## Task description
In the records below, find the line holding "Ako nás nájdete" and the line holding "Pendleton Vintage Pendleton". Set down both, with every line between them, exactly.

## Dataset records
•••••

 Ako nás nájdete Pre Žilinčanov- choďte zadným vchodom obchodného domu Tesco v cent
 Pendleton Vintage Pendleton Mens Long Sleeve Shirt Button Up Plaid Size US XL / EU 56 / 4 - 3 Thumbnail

•••••

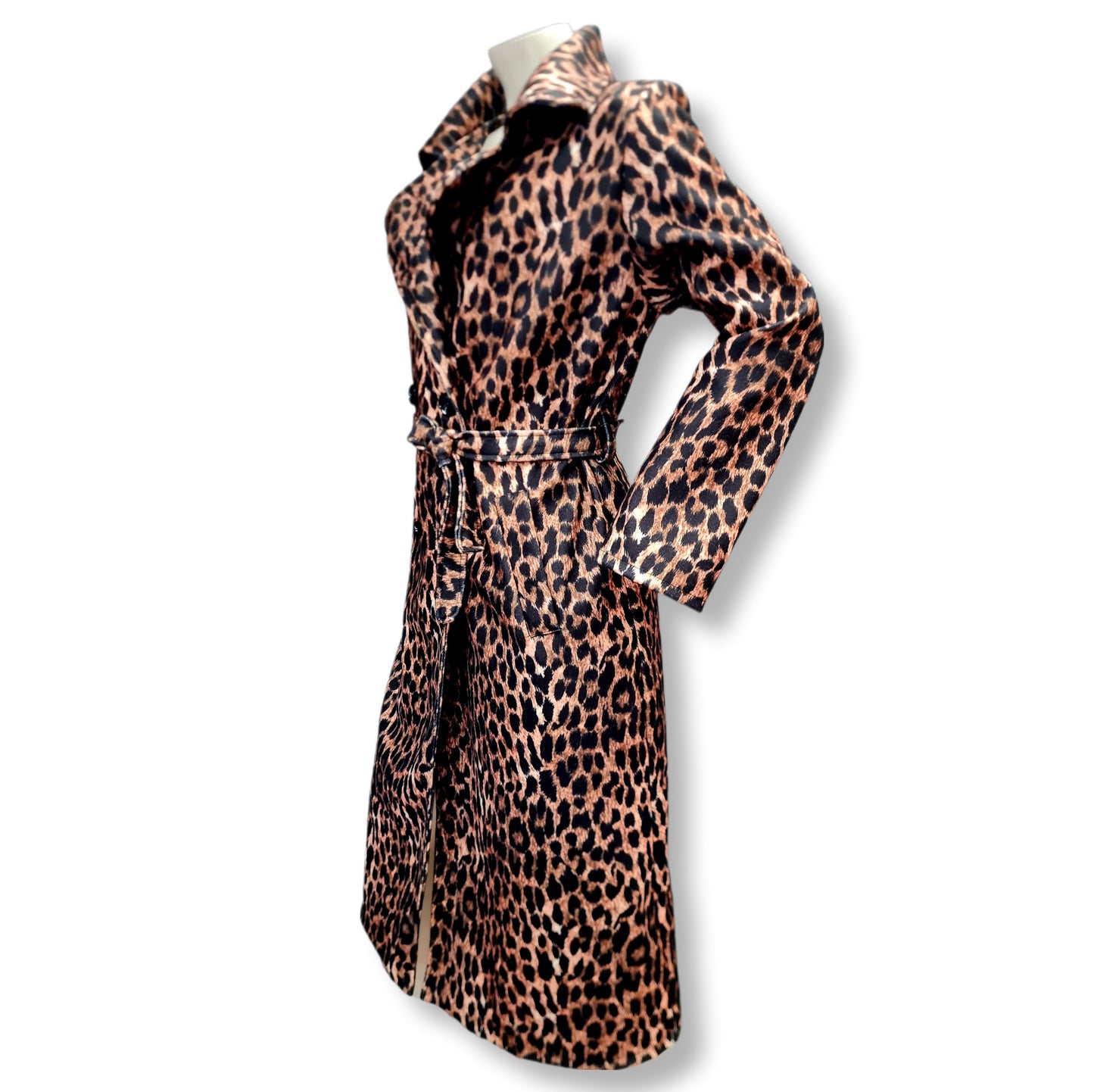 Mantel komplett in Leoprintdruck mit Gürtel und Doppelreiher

•••••

## Worked solution
 Ako nás nájdete Pre Žilinčanov- choďte zadným vchodom obchodného domu Tesco v cent
 Pendleton Vintage Pendleton Mens Long Sleeve Shirt Button Up Plaid Size US XL / EU 56 / 4 - 3 Thumbnail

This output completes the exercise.